Seinen Diener Lucky, die vielleicht schwierigste Rolle des Stückes, gibt er mit großer Noblesse und Traurigkeit. Wenn ihn sein Herr Pozzo erst zu tanzen, dann zu denken heißt und das Stück damit endlich das Wichtigste, nämlich die Würde des Menschen bespricht, ahnt man, was dieser Mann spielen kann.
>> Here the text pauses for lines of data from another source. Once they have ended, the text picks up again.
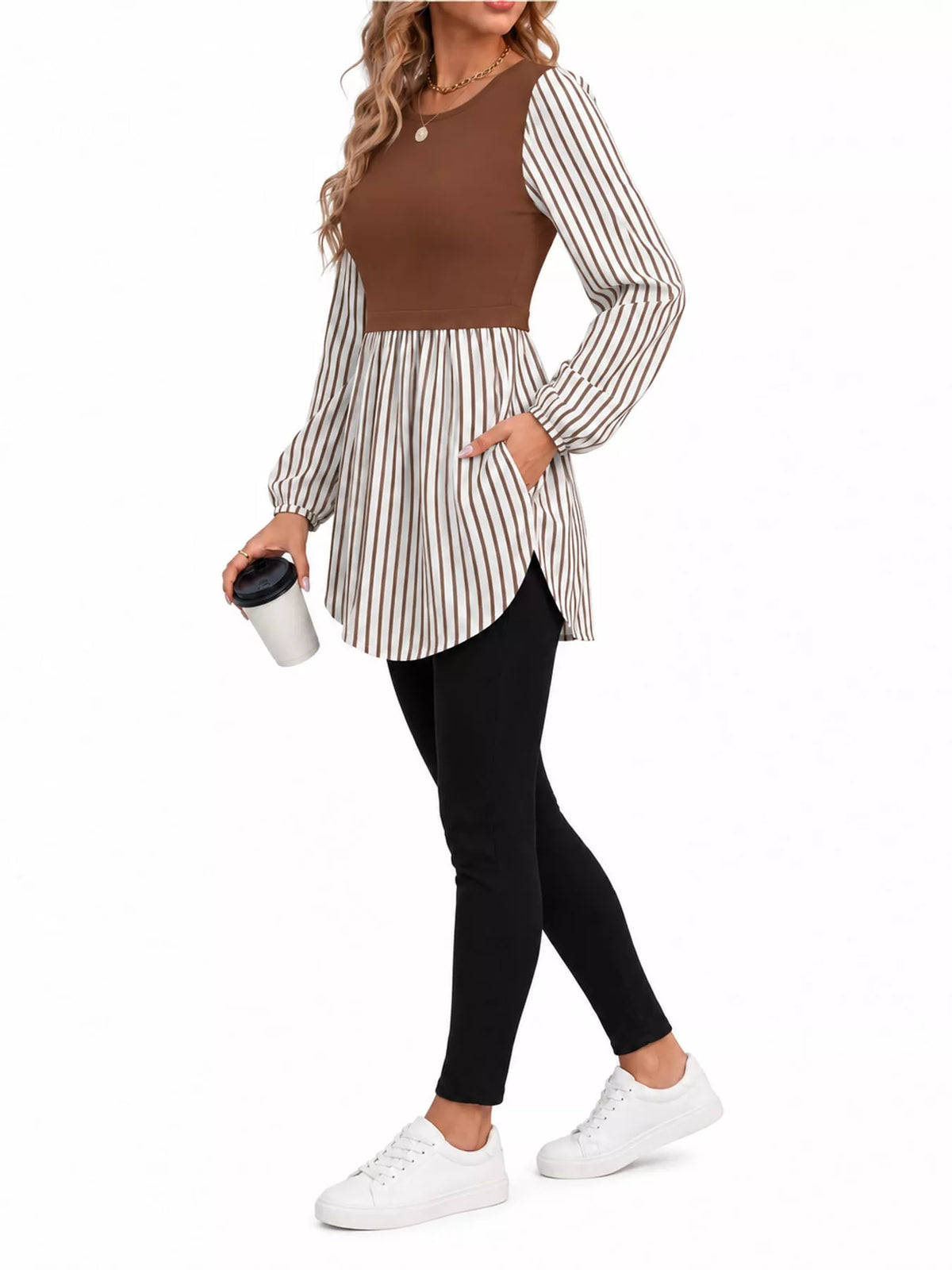 Full Size Striped Long Sleeve Blouse Plus Size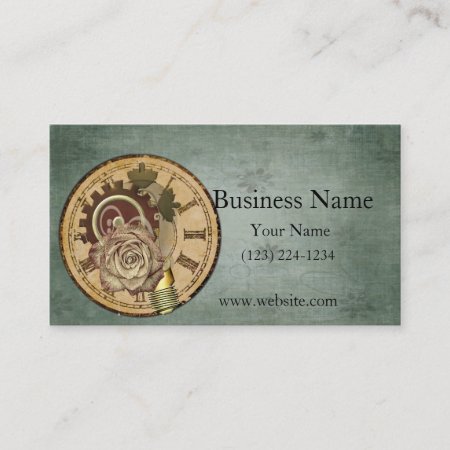 Vintage Clock Face, Rose And Industrial Parts Business Card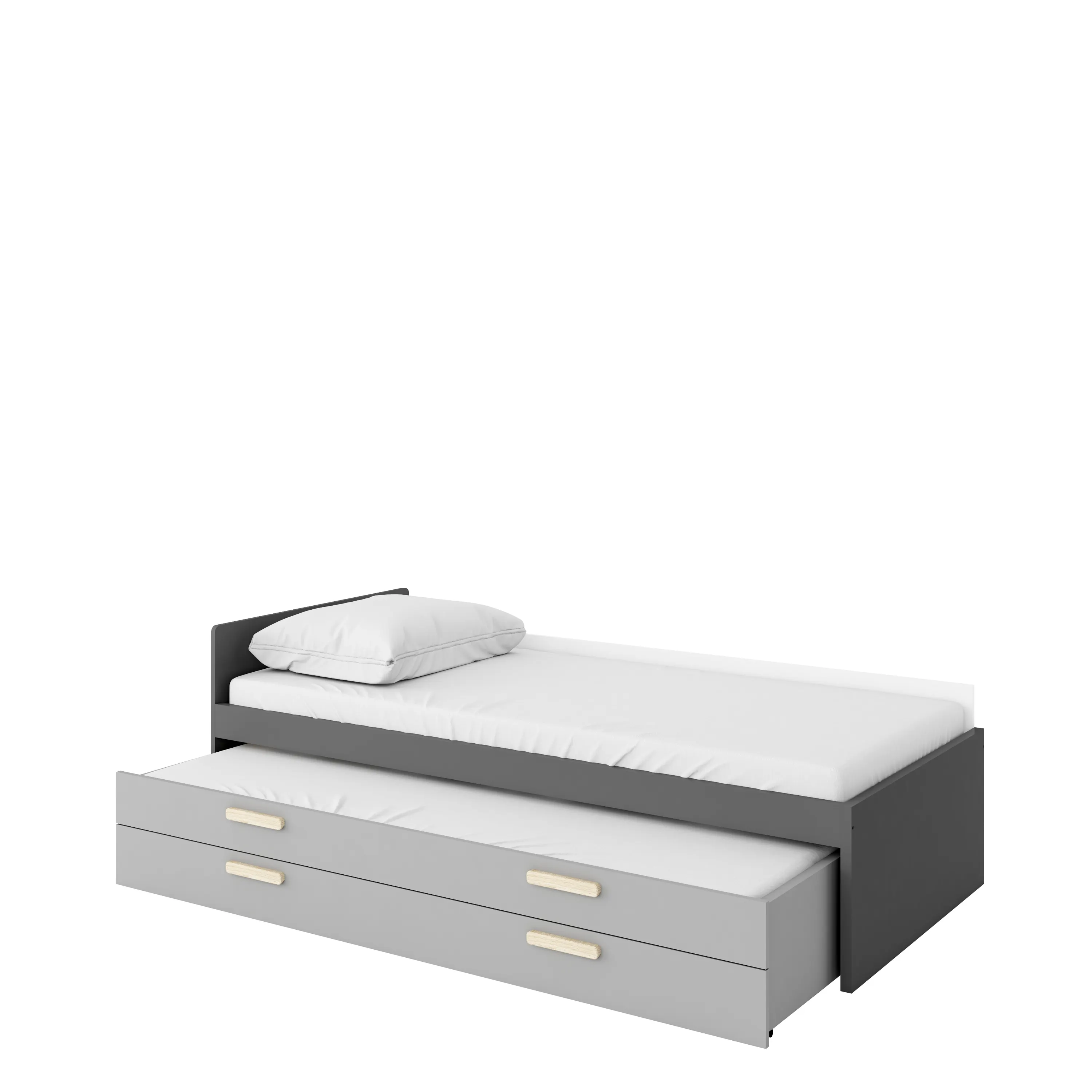 Łóżko z materacem Pok PO-13 grafit/buk ibsen/szary jasny - PO13GBS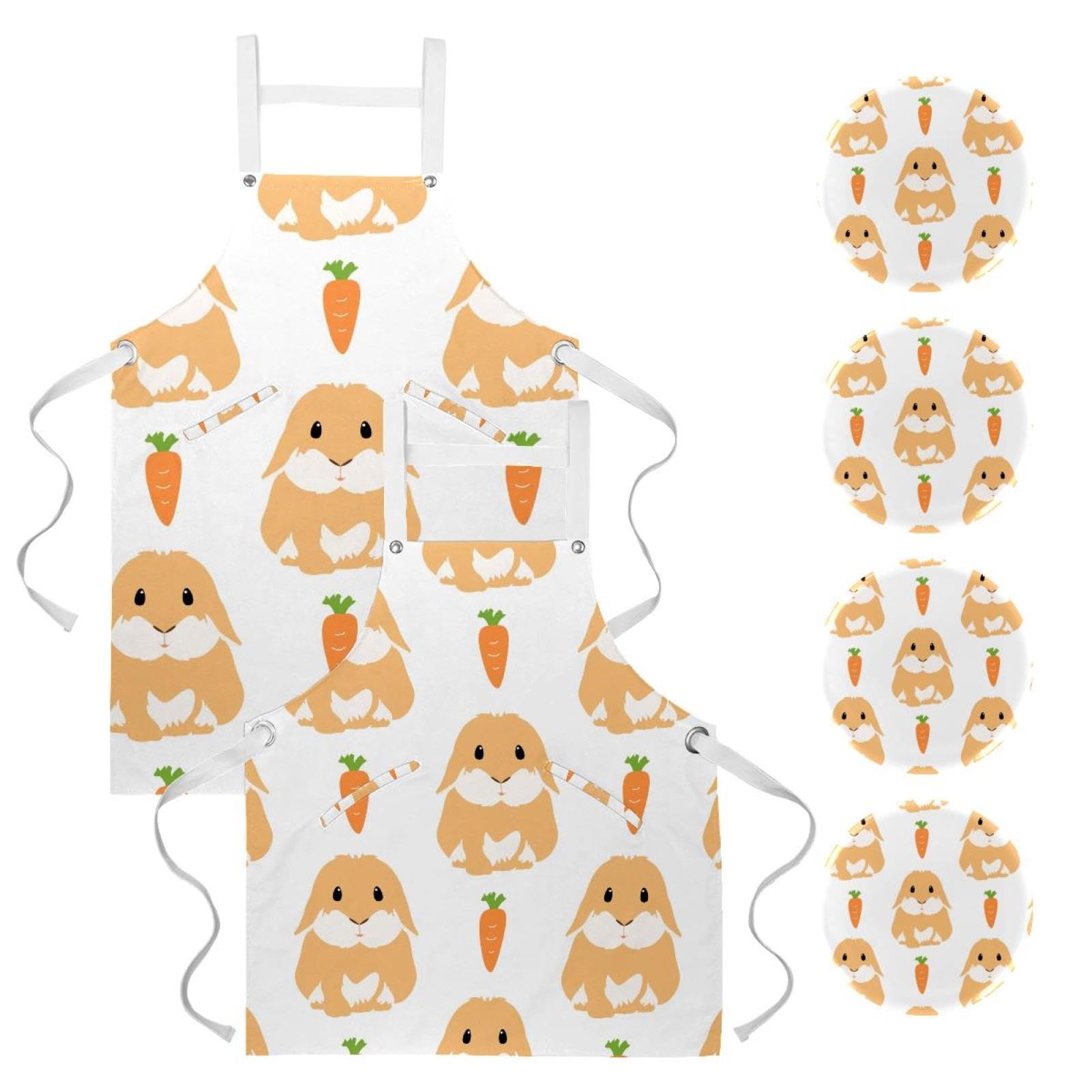 Lot de 2 tabliers de cuisine avec 4 broches motif lapin multicolore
Dazu kommen die Platzhirsche Reinhard Straube als rührend tapferer und pfiffiger Wladimir mit halleschem Mutterwitz, Hilmar Eichhorn als zynischer Machtmensch Pozzo und Axel Gärtner, der sich seiner kleinen, aber wichtigen Aufgabe als Bote Godots mit Bravour entledigt.
Wolfgang Winkler indes, der als Estragon neben Straube den umfangreichsten Part zu bewältigen hat, spielt den manchmal bockigen, schusseligen Partner dieses Gespanns mit Witz und Glaubwürdigkeit. Allein der Rhythmus, der das absurde Spiel mit der Wirklichkeit am Laufen hält, stimmte im ersten Teil des Premierenabends nicht immer, es rumpelte ein wenig, nach der Pause lief es dagegen deutlich besser. Eine gelungene Inszenierung ist Matthias Brenner und seiner Mannschaft jedenfalls gelungen. Schön, dass Becketts „Godot“ in Halle nun ein Thema ist. Erwartet wird er dort schon lange.